WORK INSTRUCTIONS: The lines below, from the first through the one containing "2024 Toyota Prius XLE", are to be given again exactly, with pictures left out and nothing added.

================

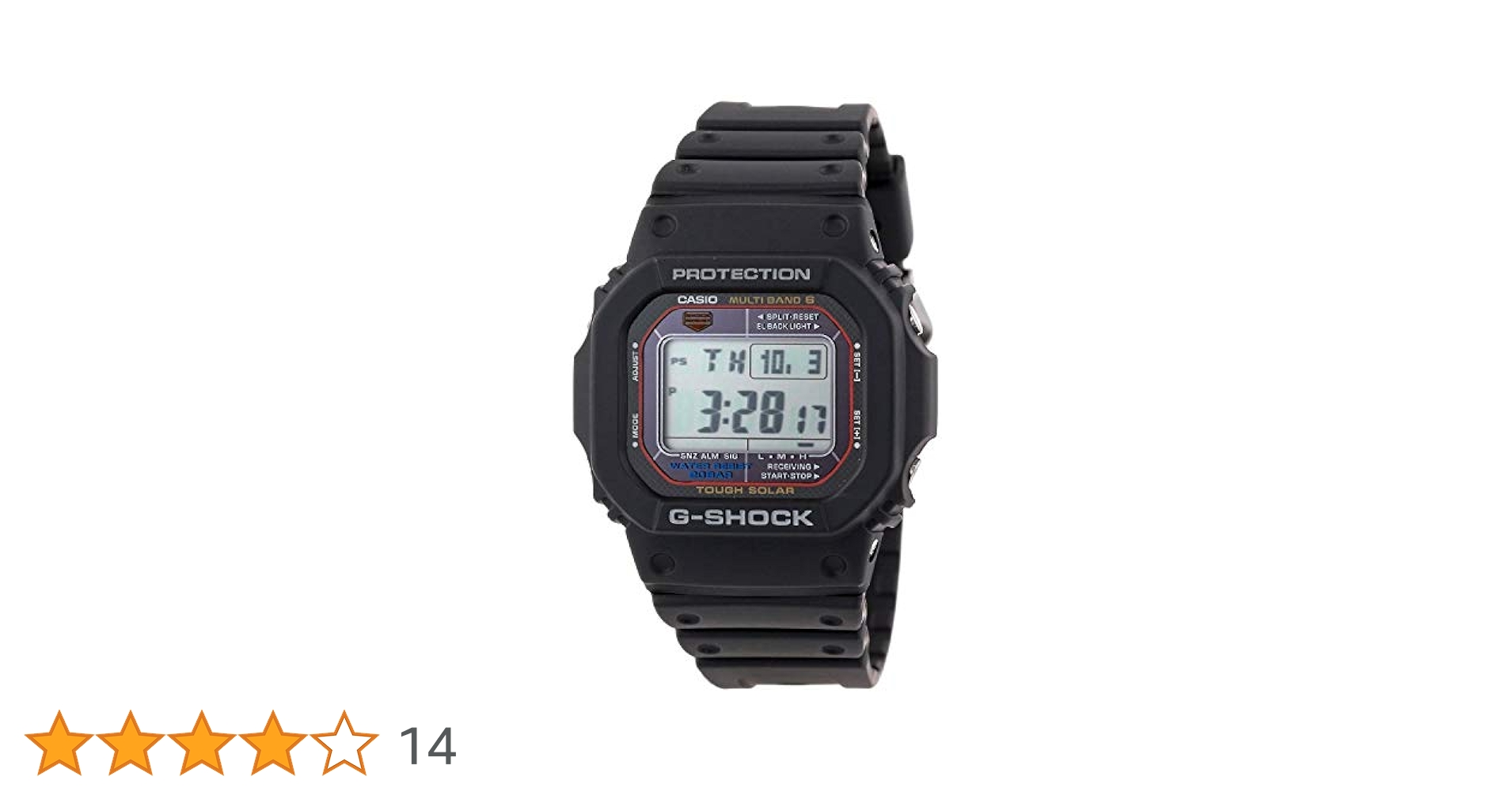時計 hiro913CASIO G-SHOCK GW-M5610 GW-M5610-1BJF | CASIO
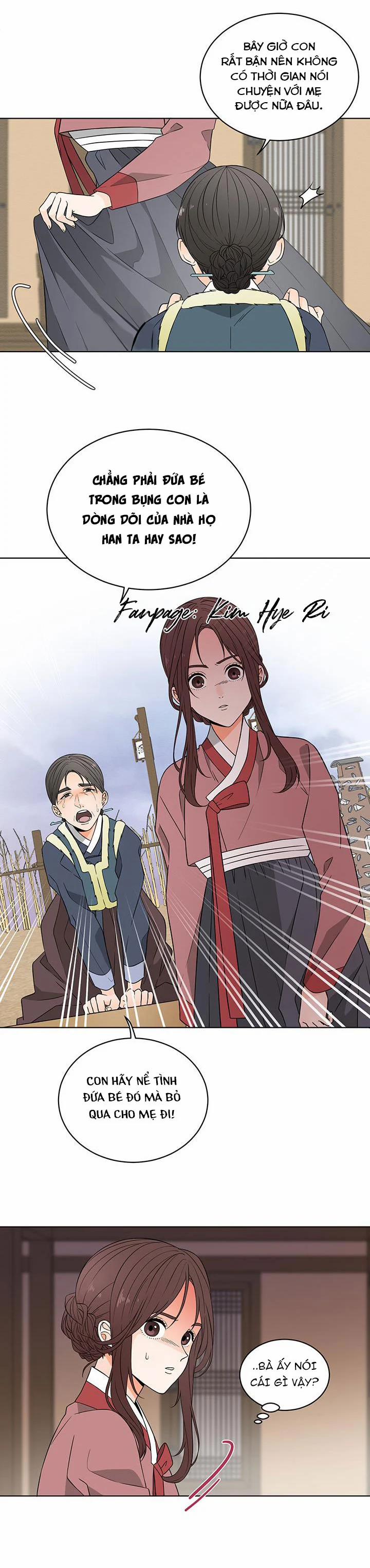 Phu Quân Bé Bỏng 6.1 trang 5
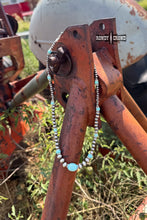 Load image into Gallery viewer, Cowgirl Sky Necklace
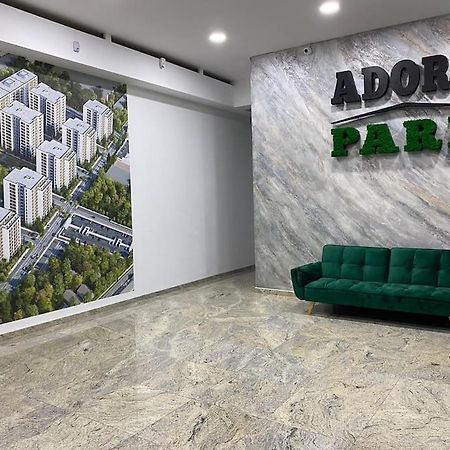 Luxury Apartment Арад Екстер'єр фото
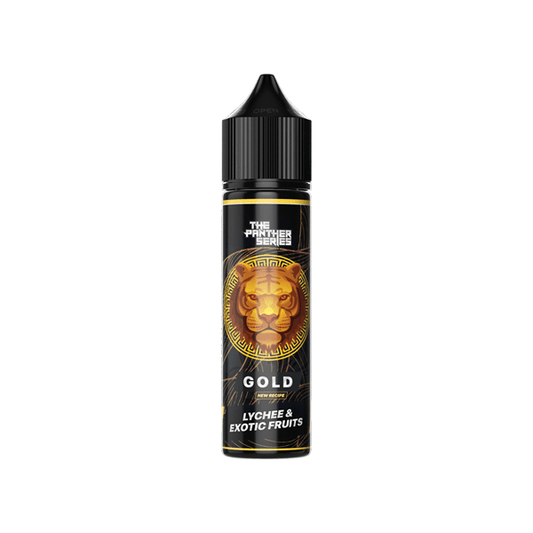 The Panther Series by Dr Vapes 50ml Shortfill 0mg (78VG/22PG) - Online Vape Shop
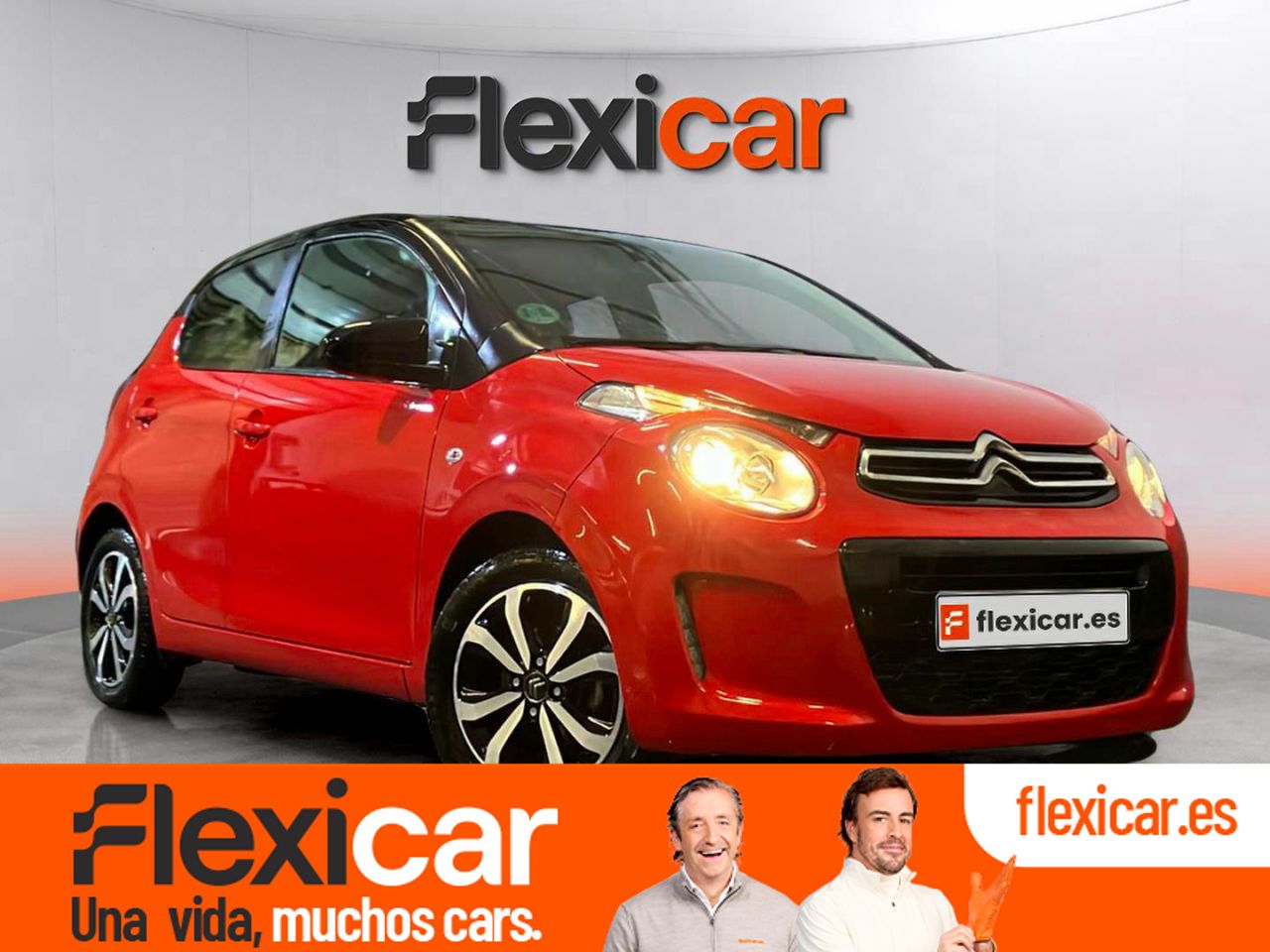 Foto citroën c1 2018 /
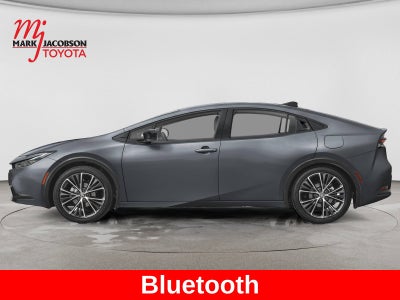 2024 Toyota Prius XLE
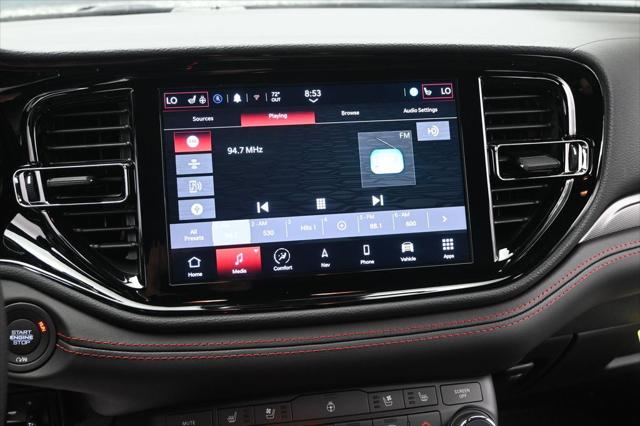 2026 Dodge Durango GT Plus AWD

================

SOLVED EXERCISE:
時計 hiro913CASIO G-SHOCK GW-M5610 GW-M5610-1BJF | CASIO
 Phu Quân Bé Bỏng 6.1 trang 5
 Load image into Gallery viewer, Cowgirl Sky Necklace
 Luxury Apartment Арад Екстер'єр фото
 The Panther Series by Dr Vapes 50ml Shortfill 0mg (78VG/22PG) - Online Vape Shop
 Foto citroën c1 2018 /
 2024 Toyota Prius XLE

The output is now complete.